With a little advance planning and a lot of hustle, you can get the education you need and graduate debt-free.
Unless there’s a rich Uncle Earl standing by to pick up the tab, college students are often left with two choices: accumulate debt that follows them through life, or find often untapped resources to help make the dream an affordable, if not free, reality.
Unfortunately, for most students, financial planning for college often takes a back seat to where to attend college and what to major in. The average tuition for undergrads attending four-year public universities jumped 6.4 percent in 2008, according to the annual report Trends in College Pricing 2008, released by the College Board, a nonprofit membership association of 5,400 schools, colleges and universities. This increase helped push the average price of attendance, including room, board and fees, up $394 to $14,333. The average tuition at four-year private colleges rose 5.9 percent, raising the total cost of attendance by $1,398 to $34,132.
As a result, all forms of student aid are rapidly increasing, but students are relying more heavily on private loans—the fastest-growing component of funds used to finance college. Nationally, the average debt load for undergraduates had reached $19,646 in 2008, according to the most recent survey by the national organization Project on Student Debt, more than doubling the $9,118 student average in 1993. By 2007, private loans accounted for 24 percent of all education lending, making the private student loan sector a $14.5 billion annual enterprise, according to the College Board. Two out of three students take out loans today. In 1993, fewer than half did.
Students are carrying credit cards to meet other expenses. In 2008, 84 percent of undergraduates had at least one credit card, and half of all college students had four or more cards, according to the Project on Student Debt.
One way to minimize debt is to seek private scholarships from agencies and companies who dole out billions of dollars every year with no repayment necessary. “The scholarship criteria is dependent on the donor, but it’s not always for academic standing,” says Marian Huffman, associate director of financial aid at Lee University in Cleveland, Tennessee. “It may be important to the donor that the person volunteer time at the humane society, is from a particular part of the country, has declared a certain major or overcome an obstacle.”
Though some scholarship funds go unclaimed every year, others—such as Duct Tape’s award to creative prom-goers who construct their formalwear using the 19 tape colors and patterns—have stuck around for years as college students have found that scholarships aren’t just for the academically elite.
But free money is hard work.

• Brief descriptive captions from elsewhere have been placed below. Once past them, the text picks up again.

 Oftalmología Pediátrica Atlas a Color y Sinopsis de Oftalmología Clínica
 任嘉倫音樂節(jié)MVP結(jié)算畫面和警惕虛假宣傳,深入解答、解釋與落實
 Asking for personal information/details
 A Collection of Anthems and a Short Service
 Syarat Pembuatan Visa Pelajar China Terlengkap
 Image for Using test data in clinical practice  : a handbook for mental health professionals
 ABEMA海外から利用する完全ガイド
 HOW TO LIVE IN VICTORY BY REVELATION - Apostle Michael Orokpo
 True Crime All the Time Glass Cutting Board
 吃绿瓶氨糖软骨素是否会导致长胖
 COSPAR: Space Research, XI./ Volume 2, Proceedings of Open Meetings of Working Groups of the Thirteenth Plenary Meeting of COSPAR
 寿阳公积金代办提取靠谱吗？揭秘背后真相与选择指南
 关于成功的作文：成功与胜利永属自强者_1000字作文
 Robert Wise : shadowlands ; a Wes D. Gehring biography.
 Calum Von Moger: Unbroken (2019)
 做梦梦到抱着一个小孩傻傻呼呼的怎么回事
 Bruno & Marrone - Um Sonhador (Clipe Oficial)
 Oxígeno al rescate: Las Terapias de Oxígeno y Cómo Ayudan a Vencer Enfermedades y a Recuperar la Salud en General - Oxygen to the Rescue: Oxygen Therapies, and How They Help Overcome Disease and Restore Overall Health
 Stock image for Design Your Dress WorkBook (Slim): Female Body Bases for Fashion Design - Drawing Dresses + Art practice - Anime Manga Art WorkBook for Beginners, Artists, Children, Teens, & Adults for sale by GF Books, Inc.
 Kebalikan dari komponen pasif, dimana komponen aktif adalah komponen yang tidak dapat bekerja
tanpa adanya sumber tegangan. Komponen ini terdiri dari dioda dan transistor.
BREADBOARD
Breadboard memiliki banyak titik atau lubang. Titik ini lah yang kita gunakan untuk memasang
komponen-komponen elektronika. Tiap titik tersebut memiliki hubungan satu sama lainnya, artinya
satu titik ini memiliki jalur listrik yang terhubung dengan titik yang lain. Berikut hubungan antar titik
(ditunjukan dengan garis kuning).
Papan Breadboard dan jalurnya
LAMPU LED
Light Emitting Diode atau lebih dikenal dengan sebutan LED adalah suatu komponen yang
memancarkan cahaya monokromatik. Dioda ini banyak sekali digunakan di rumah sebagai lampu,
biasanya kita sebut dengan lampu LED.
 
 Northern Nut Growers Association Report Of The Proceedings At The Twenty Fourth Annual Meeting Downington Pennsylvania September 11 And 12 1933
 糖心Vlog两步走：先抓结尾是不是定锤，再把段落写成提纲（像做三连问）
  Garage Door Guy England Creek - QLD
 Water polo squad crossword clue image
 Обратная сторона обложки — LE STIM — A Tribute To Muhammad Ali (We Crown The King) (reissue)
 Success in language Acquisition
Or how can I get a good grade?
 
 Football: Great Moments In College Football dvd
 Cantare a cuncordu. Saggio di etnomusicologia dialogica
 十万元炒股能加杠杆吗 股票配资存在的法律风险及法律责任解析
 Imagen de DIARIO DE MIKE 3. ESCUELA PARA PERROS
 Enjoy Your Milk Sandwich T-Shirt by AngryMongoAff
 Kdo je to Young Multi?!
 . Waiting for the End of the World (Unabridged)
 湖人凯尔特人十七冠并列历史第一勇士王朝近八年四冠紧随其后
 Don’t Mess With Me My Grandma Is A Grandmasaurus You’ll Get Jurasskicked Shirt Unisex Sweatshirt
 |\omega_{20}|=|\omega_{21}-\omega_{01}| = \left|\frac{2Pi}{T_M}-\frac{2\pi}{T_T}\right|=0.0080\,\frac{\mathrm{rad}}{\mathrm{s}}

In the last five years new scholarships have popped up like weeds. FastWeb.com, one of the first Internet scholarship search sites, has expanded its database from 180,000 awards in 1996 to 1.3 million awards worth more than $3 billion today. The mostly free sites compare your background with available scholarships and list only those that fit your circumstances.
Don’t rely solely on the Internet, however. Brooke Barton, a 2004 college grad from Tennessee Technological University in Cookeville, Tennessee, found a scholarship right in her own backyard. Based on her GPA, extracurricular activities and work experience, Barton received a memorial scholarship given by the family of her high school’s janitor. In return for maintaining a 3.0 GPA throughout college, tuition and books were covered, leaving her debt-free upon graduation.
“Local scholarship programs are often less competitive than national ones,” Barton says. “The bigger you go, the harder it is to receive funds.”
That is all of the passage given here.